[Available data]

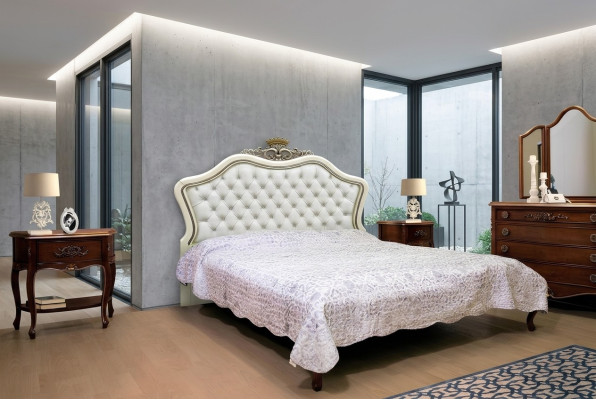 Double bed, bedroom furniture, solid wood, Vaccari Cav Giovanni bed, new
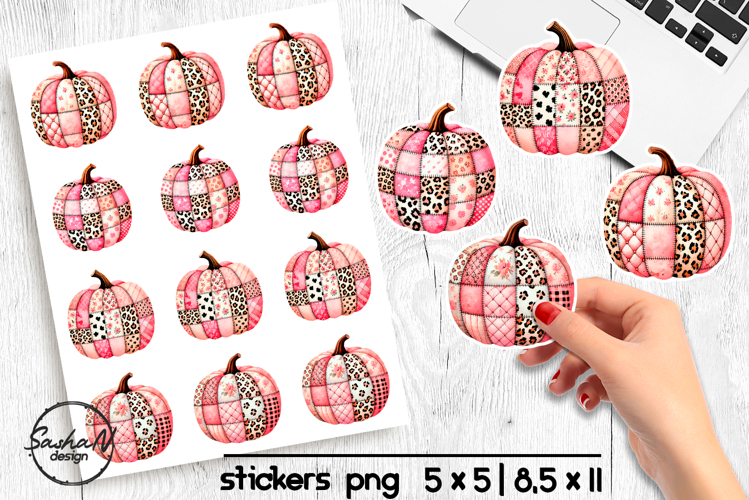 Pink patchwork pumpkin stickers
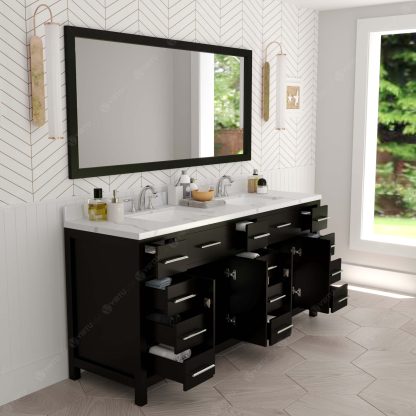 Caroline Parkway 72" Double Bath Vanity in Espresso with Calacatta Quartz Top and Square Sinks with Polished Chrome Faucets with Matching Mirror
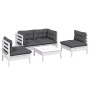 Muebles de jardín 5 pzas con cojines madera maciza de pino de , Conjuntos de jardín - Ref: Foro24-3096179, Precio: 426,27 €, ...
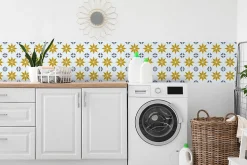 6 dalles adhésive murales Wall Tiles D-C-Fix Alia effet carreaux de ciment jaune, gris, blanc L.15 x l.15cm
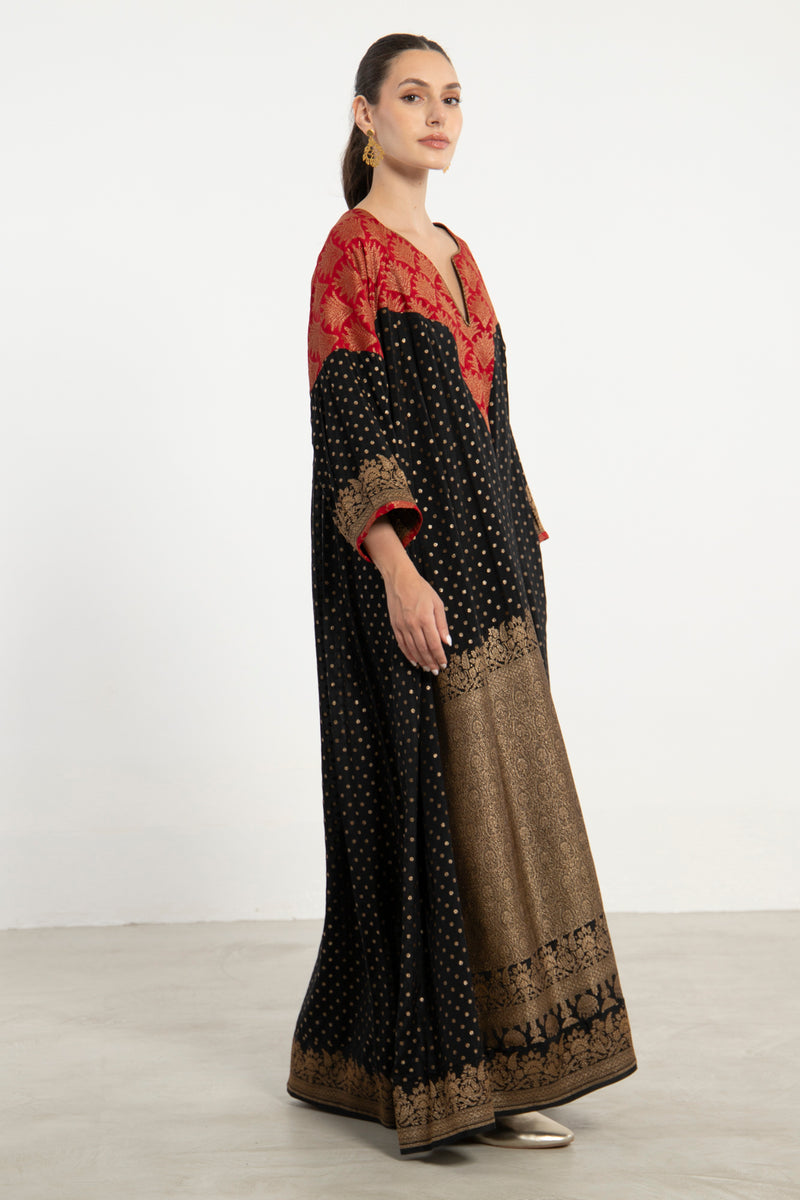 One-Of-a-Kind Rania Handwoven Silk Black Dress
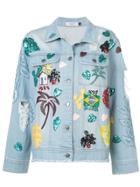 Patbo Tropical Patch Denim Jacket - Blue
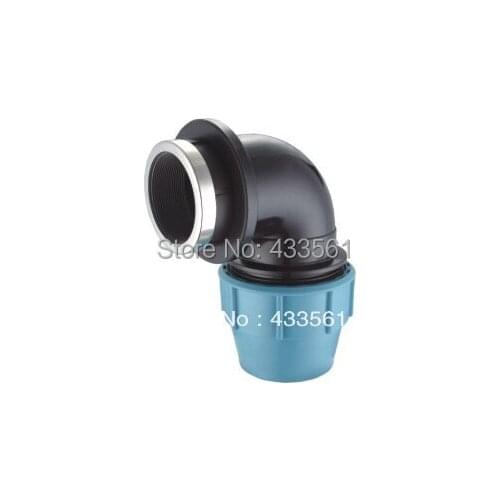 Quality PP compression fittings Female Elbow 90deg Size DN20X1/2" connector for Farm water irrigation pipeline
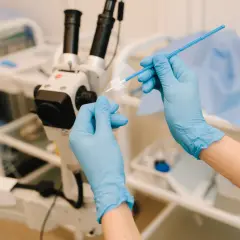Ręce w niebieskich rękawiczkach przygotowują próbkę do badania ginekologicznego pod mikroskopem.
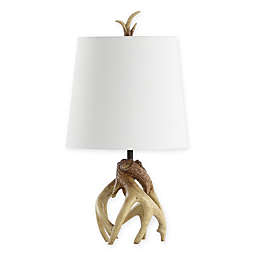 Jonathan Y Vermont LED Table Lamp in Natural with Round Fabric Shade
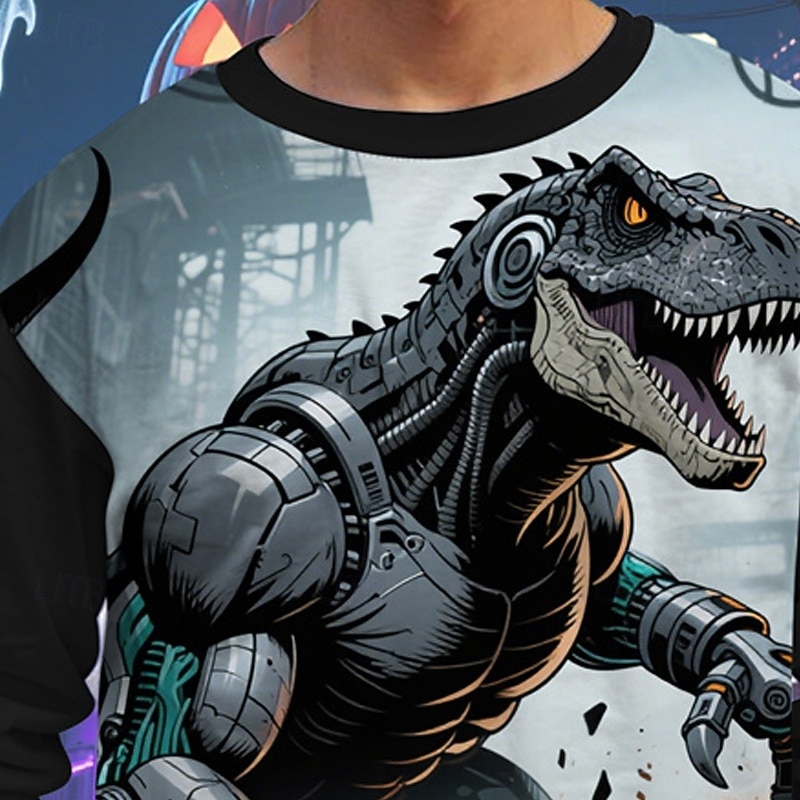 Halloween Pojkar 3D Tecknat Pumpa Dinosaurie T-shirt Långärmad Vår Höst Mode Grundläggande Barn 4-12 år Rund hals Utomhus Ledigt Dagligen Normal 2025 - $13.99 –P6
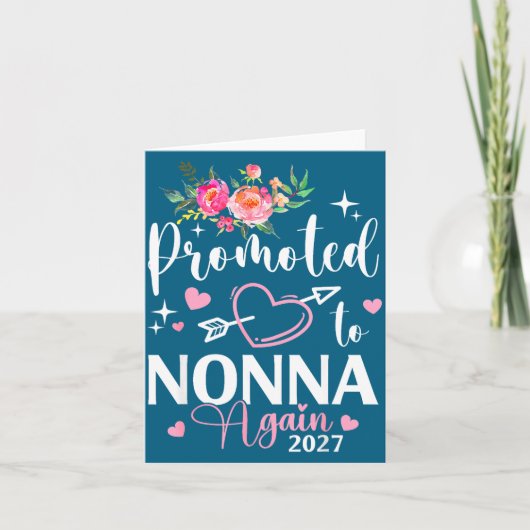 Promoted To Nonna Again Est 2027 Flower Heart カード (正面)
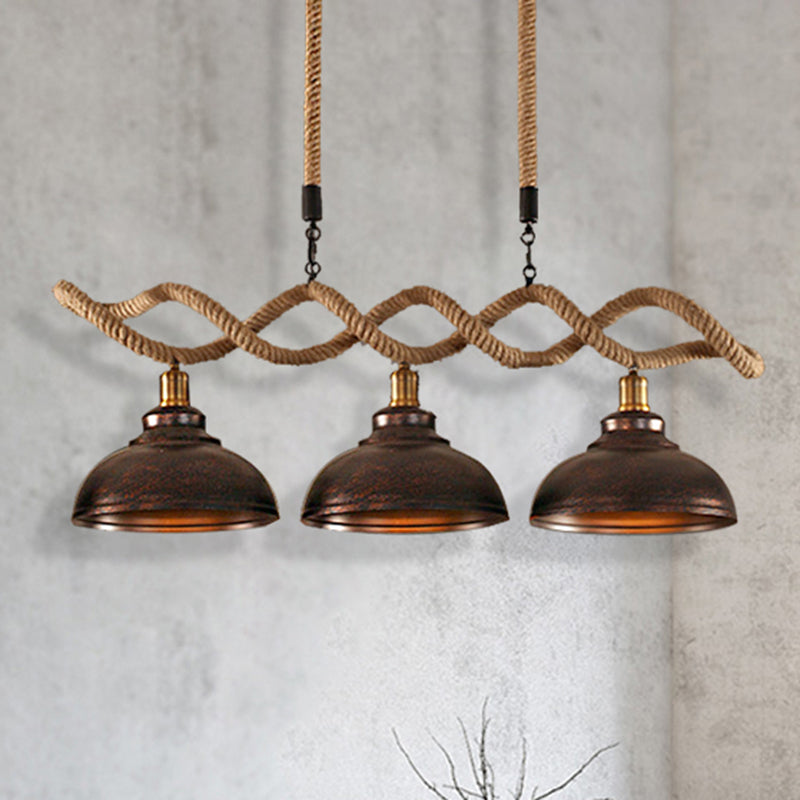 Dome Kitchen Island Pendant Light Industrial Metal and Rope 3 Lights Rust Hanging Lamp Kit Clearhalo 'Ceiling Lights' 'Island Lights' Lighting' 210765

[/Available data]

Work to be completed:
Please output exactly the lines from the line containing "Promoted To Nonna" through the last line of the records above, both included, and leave out any pictures.

Written solution:
 Promoted To Nonna Again Est 2027 Flower Heart カード (正面)
 Dome Kitchen Island Pendant Light Industrial Metal and Rope 3 Lights Rust Hanging Lamp Kit Clearhalo 'Ceiling Lights' 'Island Lights' Lighting' 210765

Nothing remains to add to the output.